The political consequences of international trade are different from the political consequences of international investment. Yet the willingness of business to transcend political divisions in pursuit of commercial advantage is basically a force for peace.

Everyone is talking about sovereign wealth funds. There are six countries whose governments are substantial international investors. Three are Middle Eastern ones – the United Arab Emirates, Kuwait and Saudi Arabia. Norway and Singapore have large funds. Then there is China. Other sovereign funds are smaller than the bigger pension funds, and the total assets even of the big six are marginal relative to the scale of privately controlled investments.

But the political dimension of sovereign wealth raises passions absent, or less obvious, when the investor is Blackstone, Fidelity or Goldman Sachs. The suspicion and protest that greeted Kuwait’s involvement in BP two decades ago is today applied to its holding in Daimler and Abu Dhabi’s stakes in Citigroup and Sony. The idea that American ports and California’s oil might come under foreign control causes consternation in Congress.

The relationship between international politics and international investment is an issue as old as commerce. But the lesson of history is that the problems are for the investor not the investee. When ownership rights conflict with political authority the latter almost always prevails.

The City of London appears at the mercy of sovereign wealth. Its electricity is supplied by a company controlled by the government of that ancient enemy, France. Perhaps, as one of those interminable discussions among the ministers of Europe reaches deadlock, President Nicolas Sarkozy could order the lights to flicker. That would remind everyone that the source of power is in Paris.

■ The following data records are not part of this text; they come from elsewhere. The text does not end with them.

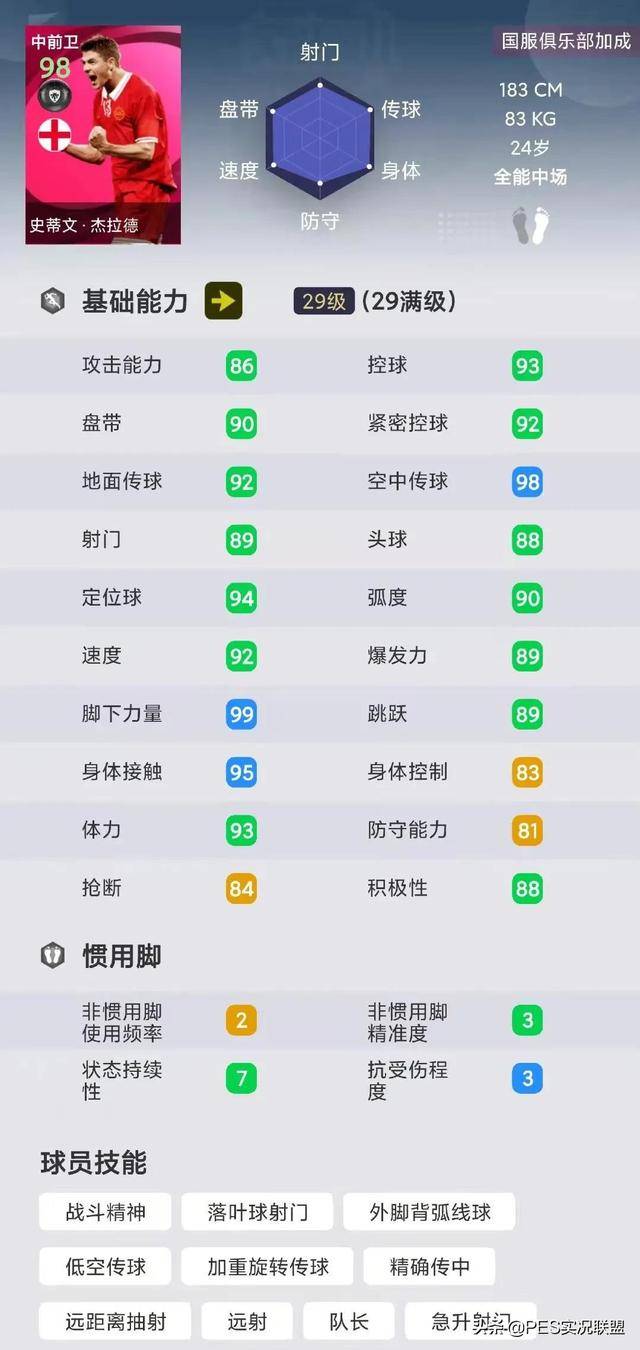 实况足球下赛季各位置评分最高,实况足球综合评分最高的球员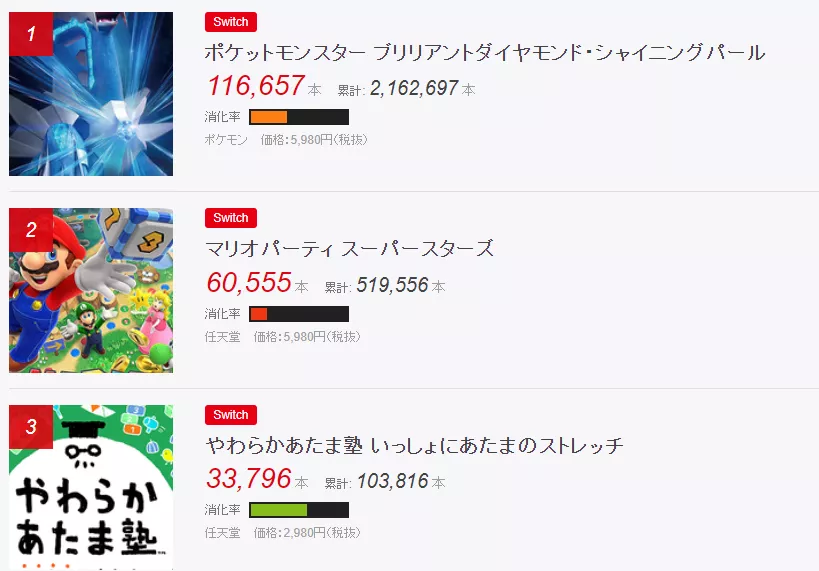 任天堂|游戏资讯:NS销量过亿,明年将缺货,新战神或9月发售、P4出续篇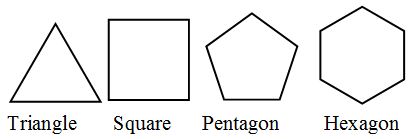 How do you find the Perimeter of a Polygon 2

But the scenario is absurd. The switches are in London, and it is their location, not that of the share certificates, that matters. France does derive some minor influence but this is the result of French physical supplies through the cross-Channel interconnector, not French ownership of British electricity companies: trade not investment. Similarly President Vladimir Putin’s influence on European energy comes from Gazprom’s control of assets inside Russia, not its ownership of those outside Russia.

It seems inconceivable today that a political quarrel between Britain and France would lead to a rupture of commercial relations. But such issues did once arise. The industrial landscape is still influenced by the rearrangement of assets in the world wars. That is why there is both a US Merck and a German Merck. It is perhaps ironic that Thomas Cook, the provider of travellers’ cheques, is today German-owned: the business was appropriated by the British government when the Paris headquarters of the company’s then parent fell to the enemy in 1940.

At that time General Motors made military equipment for the US government in the US, for the British government in Britain and for the German government in Germany. The records on which Nazi tyranny was based were maintained by a subsidiary of IBM. Modern writers criticise these companies for complicity in oppression, but they had no other realistic option.

These corporations might justly be censured for pursuing business advantage with too much zeal. The American executive in charge of GM’s European operations was decorated by the Führer for his services. It remains controversial whether the purpose of IBM’s partial disengagement from its German associate was to distance the parent from the Nazis or to make the subsidiary more acceptable to them.

Yet the willingness of business to transcend political divisions in pursuit of commercial advantage is basically a force for peace. But the political consequences of international trade are different from the political consequences of international investment. To make war, you need your own steel production, not your own steel company. Trade across borders binds us together economically by raising the costs of independent action. Investment across borders binds us together by creating actors with much to lose from political tension. The investment that Norway, Singapore and Kuwait have made in global markets is also an investment in global, economic and political stability. We should welcome it if China and Russia make the same commitment.